I am fully aware of those moments when we have to stop—I am not talking about pushing through the point where the body and mind truly do need to stop, but I am talking about those times when we THINK we need to quit.  There is a difference between overwhelm in the moment and the actual NEED to stop.  So we have to give ourselves time.  We have to pace ourselves.  We have to look at what the overall goal is and ask if what we are doing in that moment serves.  There are times the answer is going to be, “You need to sit for an hour.”  There are times the answer is going to be, “You’re done for today.”  But the most likely truth is that we can keep going.  It’s not pushing through, it’s rearranging mindset.  When we talk about playing the long game, pacing is even more important.  If we jump right off the bat and try to do it all at once, we are very likely to get overwhelmed and want to stop.  It’s not that we have to stop, but we will feel like we need to.  But with a long term goal or project, it is important to take the time needed, especially if it’s a bigger project.  It will take a hell of a lot longer to start and stop for 6 months than it does to do 20 dedicated minutes a day.  The long term is sustainable that way.  Change takes a lot of work and so many of us are looking for the quick fix, the easy answer, the immediate result  because we want to move on to the next thing.  Some projects take a while but they take even longer if we stop. 

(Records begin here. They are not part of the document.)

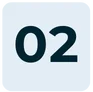 A square icon with a light blue background and the number "02" in dark blue at the center gives a refreshing, new look to your home screen.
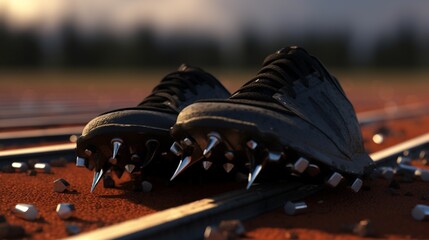 A pair of track and field spikes lying on a rubberized track.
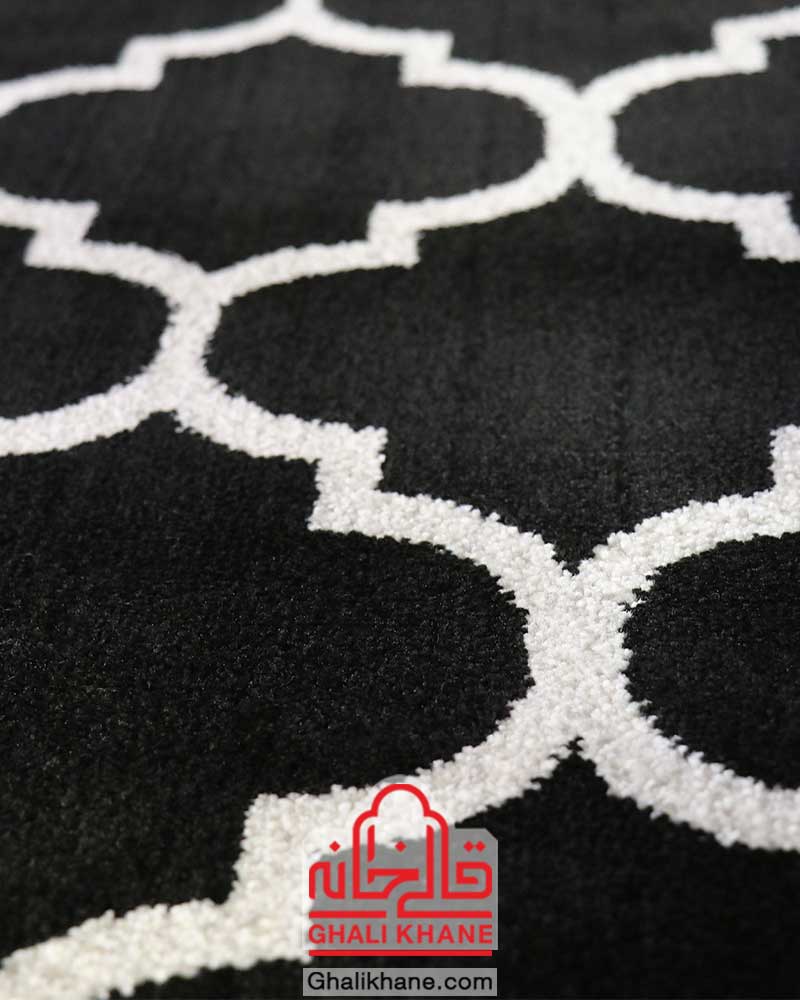 گلیم فرش ماشینی ساوین کد 4045 مشکی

There’s a saying I’ve shared before that we overestimate what can be done in a day but we underestimate what can be done in a year.  I want to add that we can’t sabotage what can be done in a year by not starting today—or by not doing what can be done today.  Don’t let fear stop us, don’t let the fact that everything isn’t perfectly in place stop us from even starting.  Don’t let the fact that we may need to take a break part way through be a permanent stop.  Learn to do what can be done in the moment and then do whatever else needs to be done next.  It doesn’t have to be done all at once, it just needs to get done. So we need to be patient with ourselves and we need to appreciate the work and time that real change takes.  It’s about consistency more than anything else.  Don’t fall in the trap of thinking if we can’t do it all in one day then we shouldn’t do anything.  If we can’t accomplish the thing then we need to ask ourselves what we can do that will at least get us in the right direction, what can we do that supports the thing.  Transition and change mean doing different things and often it’s more important to train the brain in little bits each day, to do things each day, that bring us closer to the goal rather than it is to finish the goal in its entirety in one moment.  So whether it is cleaning and organizing, shifting careers, changing mindset, changing our habits, becoming healthier, any of it.  Learn to let go of the old and be patient with the new—after all we are learning and that does take time.  But don’t give up.  Find the actions we can take every day, no matter how small, and take them.  Do what needs to be done every day even if it’s not everything, and we will get there.